··· PROVIDED RECORDS

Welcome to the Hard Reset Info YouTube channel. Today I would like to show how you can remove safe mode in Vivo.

······
··· PROVIDED RECORDS

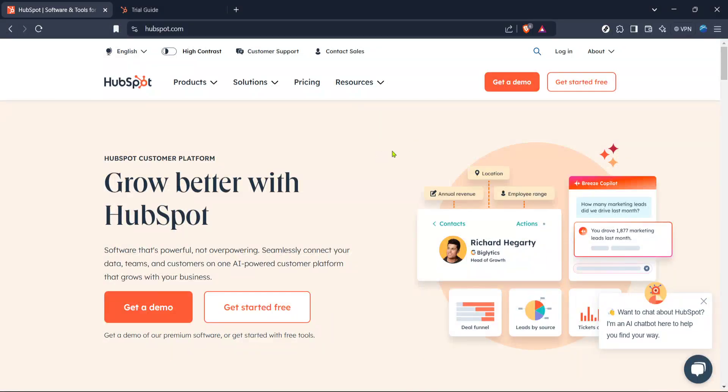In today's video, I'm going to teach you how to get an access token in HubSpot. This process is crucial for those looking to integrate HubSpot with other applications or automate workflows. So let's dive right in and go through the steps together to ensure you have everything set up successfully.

······
··· PROVIDED RECORDS

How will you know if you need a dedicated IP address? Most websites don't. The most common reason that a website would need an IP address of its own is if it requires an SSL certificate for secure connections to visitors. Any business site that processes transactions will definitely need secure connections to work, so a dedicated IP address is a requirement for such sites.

······

__EXERCISE INSTRUCTIONS__
Look through the records and gather each line with the word "would".

__SOLUTION__
Welcome to the Hard Reset Info YouTube channel. Today I would like to show how you can remove safe mode in Vivo.
How will you know if you need a dedicated IP address? Most websites don't. The most common reason that a website would need an IP address of its own is if it requires an SSL certificate for secure connections to visitors. Any business site that processes transactions will definitely need secure connections to work, so a dedicated IP address is a requirement for such sites.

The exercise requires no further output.